In 2014, their son Zachary, now eight, was born. The following year, Sienna, seven, joined the family, and when Sienna was just four months old, they moved to Aotearoa, where Steve had a job offer from Diving New Zealand.

“Nothing prepares you for motherhood,” muses Monique. “I don’t think I ever anticipated it being so tough but equally rewarding.”

The family’s life, however, was turned upside down when Sienna was diagnosed with leukaemia at five years old.

The first sign something was wrong was after the foursome went on a long bike ride that left the youngster crying in pain and complaining about a sore leg.

“We thought she’d just overdone it, but the next day she couldn’t stand on it and had spiked a fever,” tells Monique, who rushed her daughter to Starship Children’s Hospital.

Several weeks later, extensive testing revealed it was leukaemia.

Monique was devastated, but at the same time she recalled how she’d fought back from her own near-death experience, so she went into action mode.

“Steve and I have both been involved with sports all our lives, and work really well together under pressure,” she says. “He’d been with me through my head injury and we’re naturally very positive people. So once we’d digested and processed the enormity of it, we made a plan.”

The pandemic and Sienna’s illness also led to Monique losing her job as a product demonstrator and social media assistant for an organic food company. Despite the challenges she was facing with Sienna, the ever-resouceful athlete decided to start her own business.

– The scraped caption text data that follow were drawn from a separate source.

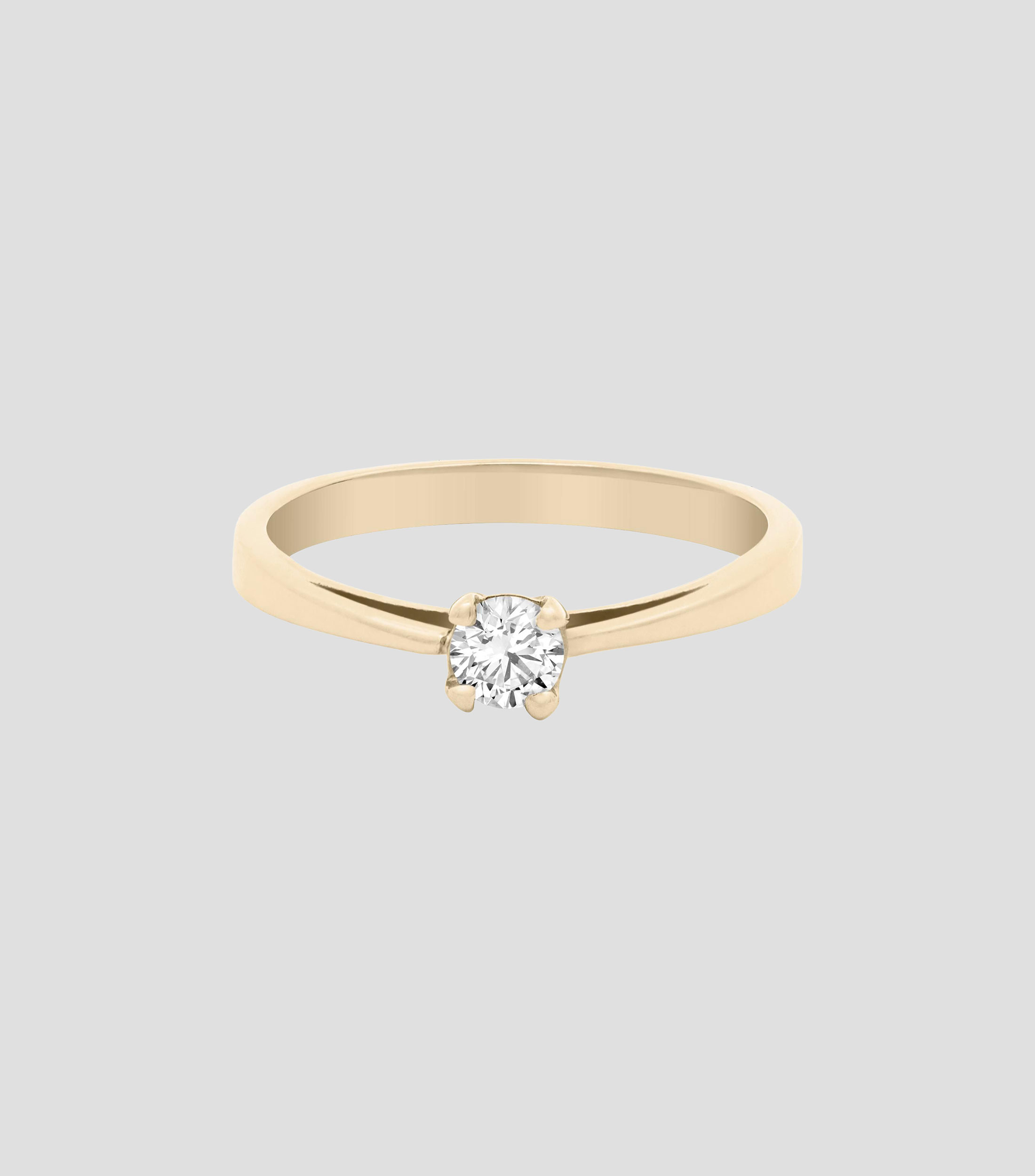 Anillo solitario en oro amarillo de 14 kilates con diamante Mujer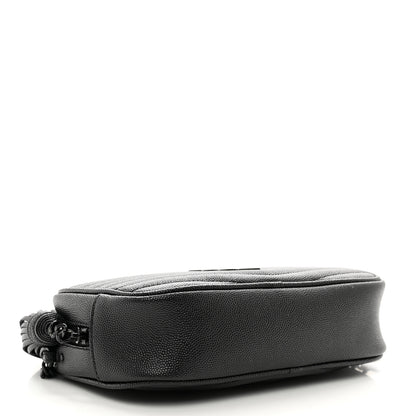 Saint Laurent Grain De Poudre Matelasse Monochrome Monogram Mini Lou Camera Bag Black 4 of 9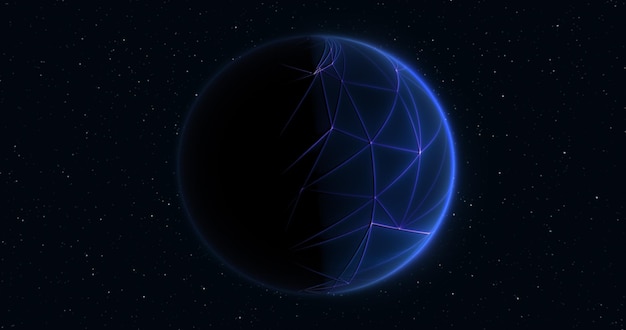 Abstrakter blauer Raum futuristischer Planet runde Kugel vor dem Hintergrund von Sternen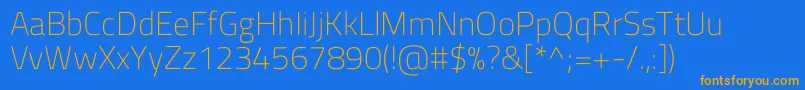 TitilliumwebExtralight Font – Orange Fonts on Blue Background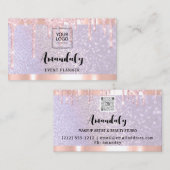 Esthetician Lash Nails Haare QRCode Logo PurpleRos Visitenkarte (Vorne/Hinten)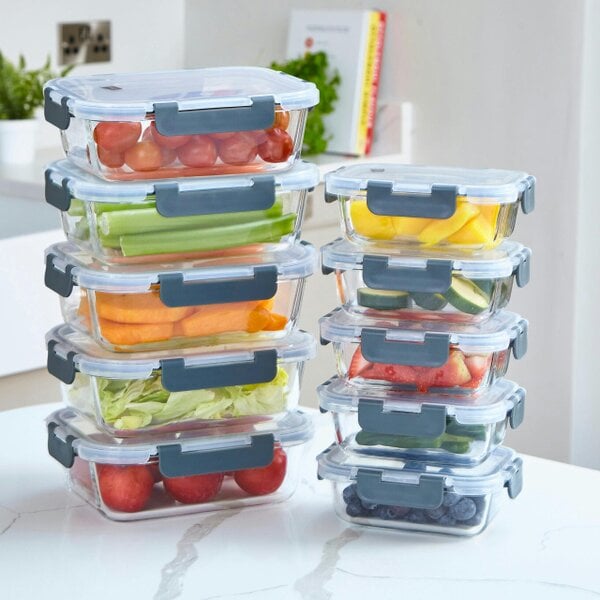 Neo 10 Glass Containers & 10 Lids Food Storage Set - 10 Piece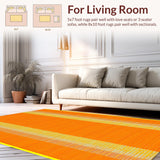 Ultra Soft Area Rug, Non Slip, Stain Resistant, Washable Area Rugs for Living Room, Bedroom, Artistic Plush Geometric Motif(Orange)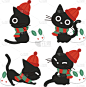 猫,可爱的,宠物,垂直画幅,羊毛帽,冬天,图像,腮须,雪兔,猫科动物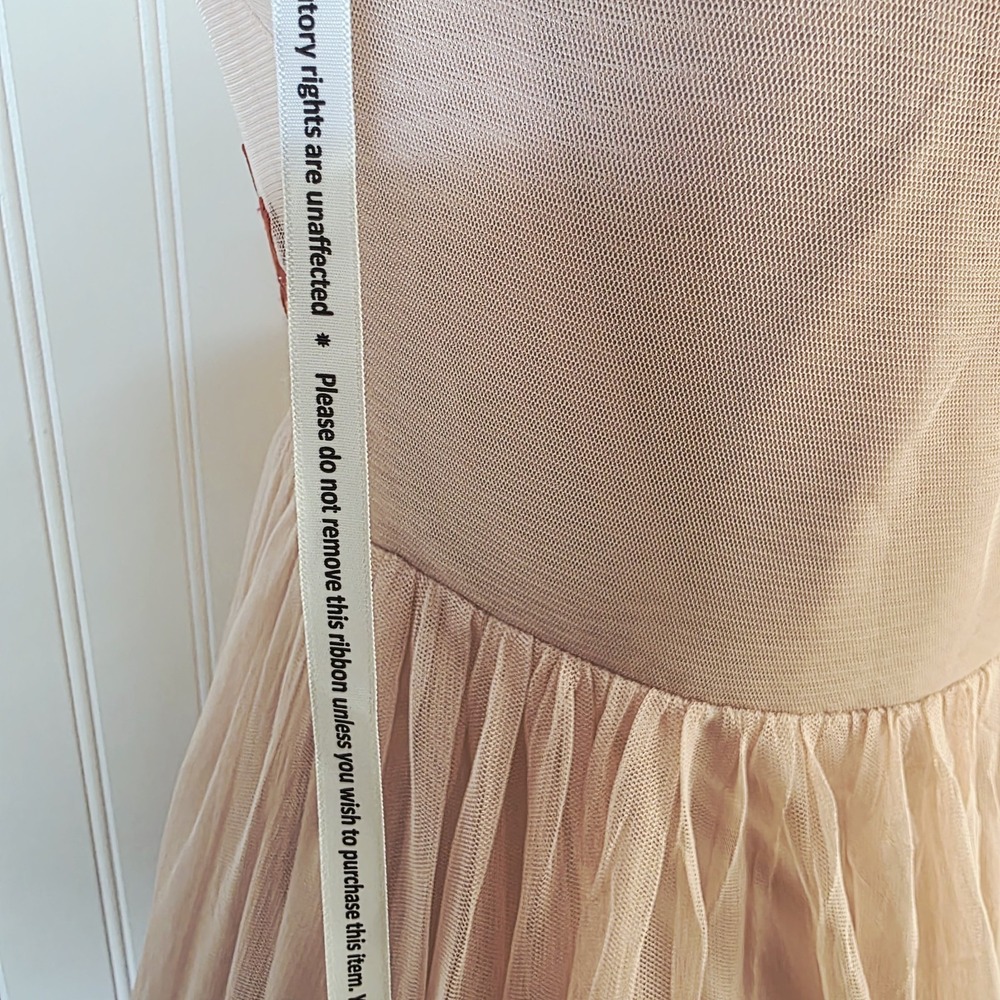 Frock & Frill NWT Romantic Blush Tulle Midi Dress | Embroidered Floral Size 6 - Picture 8 of 11
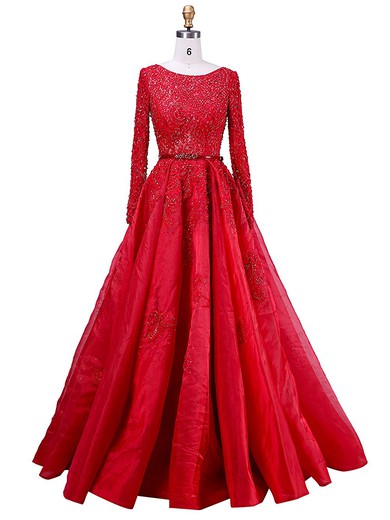 Red Princess Scoop Neck Organza Appliques Lace Sweep Train Custom Long Sleeve Prom Dresses #JCD020102960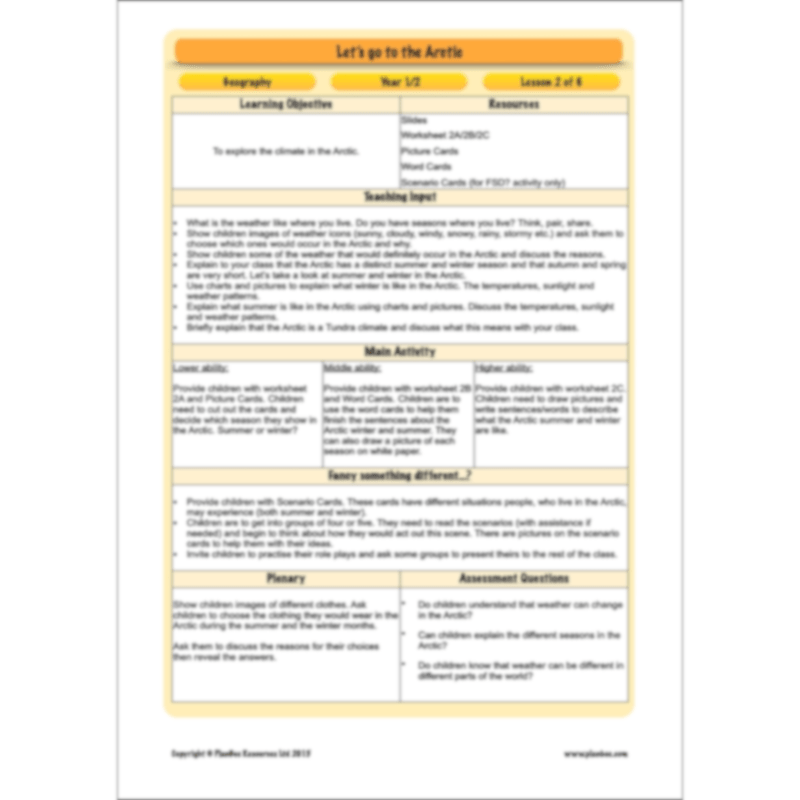 PlanBee Let's go to the Arctic KS1 Geography Lessons and Resources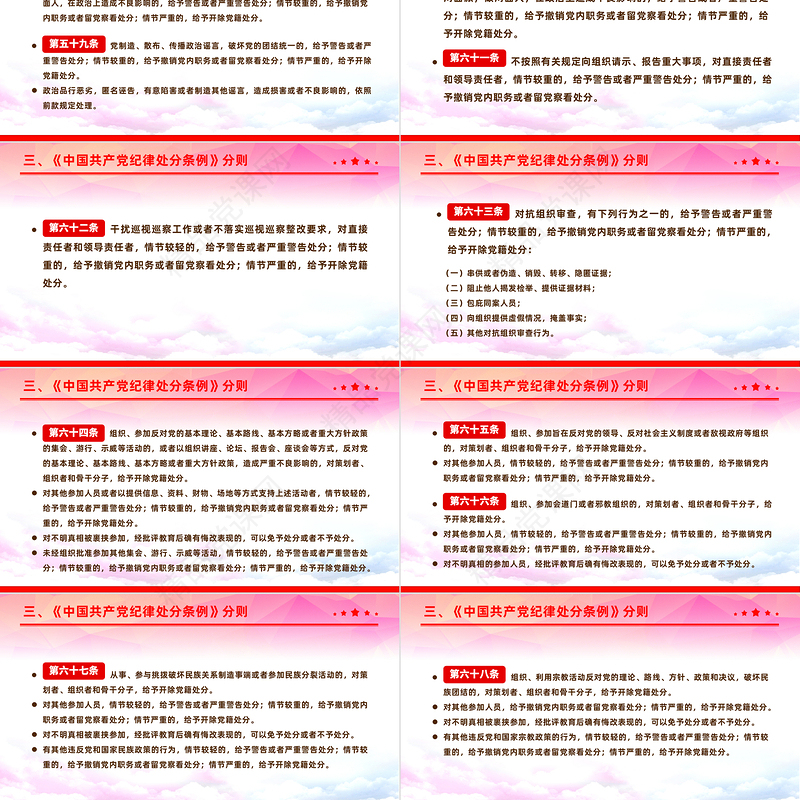 2024中国共产党纪律处分条例PPT党政风简约全面加强党的纪律建设党课课件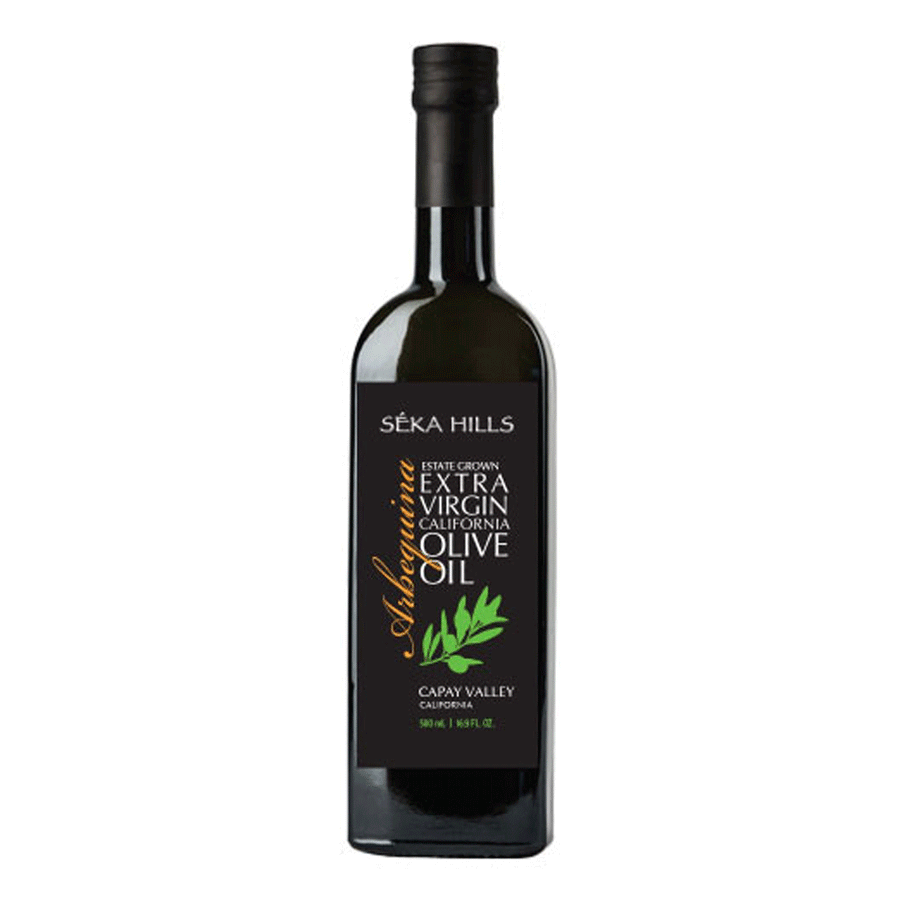 Bottle of Seka Hill Arbequina extra virgin olive oil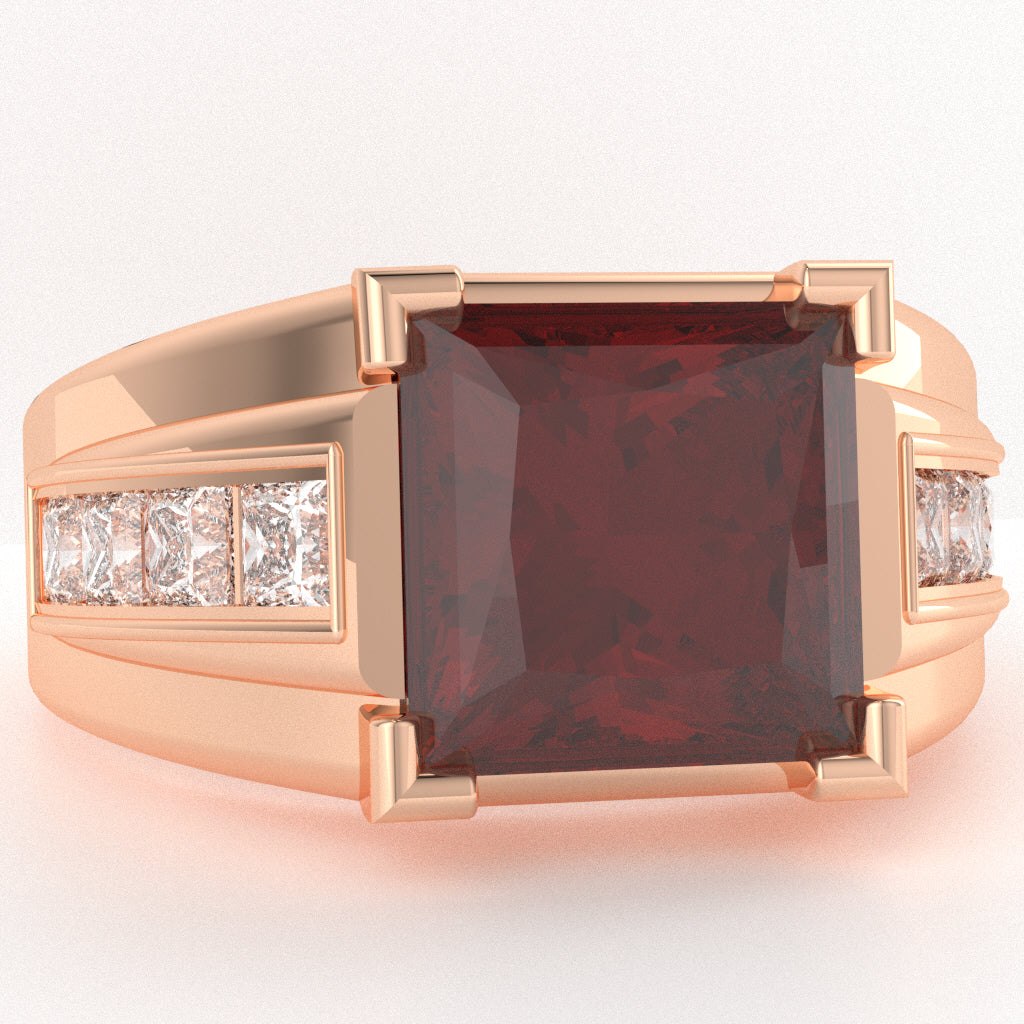 Men's Big Daddy Lab-Created Ruby Lab-Grown Diamond Channel Ring In Solid 14k Rose Gold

“I spent a lot of my time sitting around in hospital while Sienna was sleeping and thought, ‘Maybe I can turn some of my ideas into something I’m passionate about,'” she tells. The result is @One Organics, a natural and ethical skin and bodycare line.

“It’s been a steep learning curve in a whole new realm for me, but starting a business and being with Sienna has taught me patience, to slow down and take each step as it comes,” enthuses Monique, who’s delighted that after two and a half years, Sienna has finally finished her last cancer treatment.

“It’s such a relief,” says the doting mum. “No one can give us any guarantees for the future, but I just hope my children are happy, healthy and good people.”